America Shouldn't Treat China The Same Way It Treated Japan

America shouldn’t treat China the same way it treated Japan back in the 1980s.  When it comes to trade disputes, that is. It won’t work, and it could place the world trade and financial system at risk.

America’s current trade disputes with China parallel those with Japan back in the early 1980s. They both revolve around large trade surpluses, lack of access of American companies to domestic markets, and intellectual property protection.

America won those disputes by applying a number of hard negotiation tactics, which included the threat of tariffs on Japanese products.

Washington seems to be following the same approach in addressing these disputes with China as it did with Japan. The US trade war with Japan in the 1980s seems to be cited favorably as an example of how Washington might ‘win’ in the current dispute with China,” says Ilya Spivak, Sr Currency Strategist (DailyFX). “In fact, the approach adopted by Washington seems to be heavily influenced by current US Trade Representative Robert Lighthizer, a Regan White House veteran with strong involvement in its Japan strategy.”

But America’s approach — treating China the same way it treated Japan — seems weak, for a  number of reasons. One of them is that China is an emerging, not a developed country, as Japan was back then. This means that it’s normal for China to rely on exports as a major engine of economic growth rather than on domestic demand. It wasn’t for Japan back then.

China’s Terms of TradeKoyfin

Besides, China has already made some programs in reducing its reliance on exports. “While there are some parallels, they seem relatively shallow,” Spivak. “China has far stricter controls on its financial markets – and especially its currency – than Japan did on the eve of the 1985 Plaza Accord. That allows Beijing quite a bit more policy leverage. China’s deliberate move away from export-dependent growth in recent years insulates it further.”

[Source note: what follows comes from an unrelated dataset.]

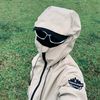 zhang_qiu913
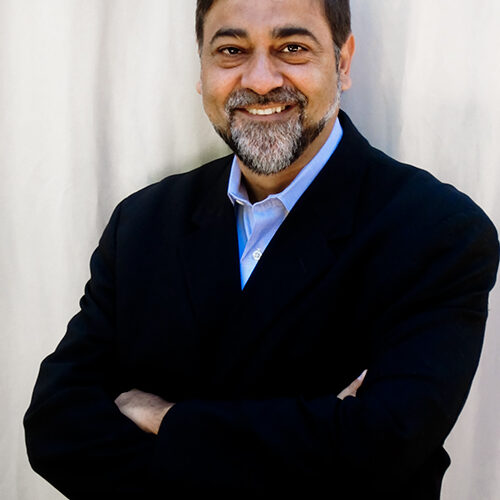 Vivek-Wadhwa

Then there’s the state of competition between the two countries. Japan had developed a number of technology-intensive industries already that competed head to head against their American counterparts. Like automobiles, consumer electronics, and machine tools—to mention but a few.

That isn’t the case with China, which has yet to develop a single technology-intensive industry that presents a major challenge to its American counterparts.

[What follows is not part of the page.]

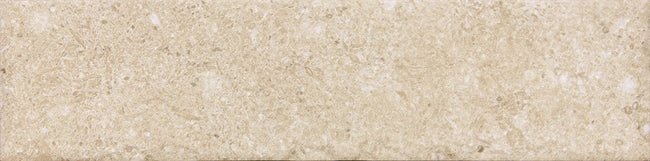 BST|juliette-rlv-natural-7x28x2-1.jpg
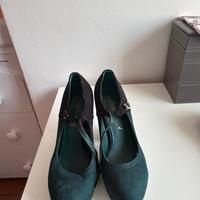 Scarpe donna misura 40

And there’s another difference, too. The context — the conditions and circumstances surrounding the trade disputes — then and now. In the 1980s, the disputes took place within GATT. That was an informal trade organization working to cut tariffs across nations, including Japan, where tariffs remained high.

Now, the disputes are taking place within WTO, which replaced GATT.

That’s a formal trade organization that has already lowered tariffs for most products traded by its member nations, including China.

In the early 1980s, America’s mood was much different than it’s today. “Assuming that we’re discussing the peak years of the competitive and occasionally adversarial trade relationship between the U.S. and Japan in the 1980s and 1990s and then looking at the same for the U.S. and China, our observation is that these tensions are driven more by social mood in the countries involved and less so by the actual underlying fundamentals of any specific trade relations,” says  Mark Galasiewski, chief analyst for Asia and Emerging Markets at Elliott Wave International. “And, tensions that simmer in bull markets which reflect a more positive social mood are often exacerbated in bear markets which reflect a more negative one.”

And, finally, there’s history. Unlike Japan, China historically doesn’t yield to foreign pressure. Even if the odds are clearly against her.

And that’s dangerous for the world financial system.

That’s why America should leave China some breathing room.

Let it lose the trade war gracefully.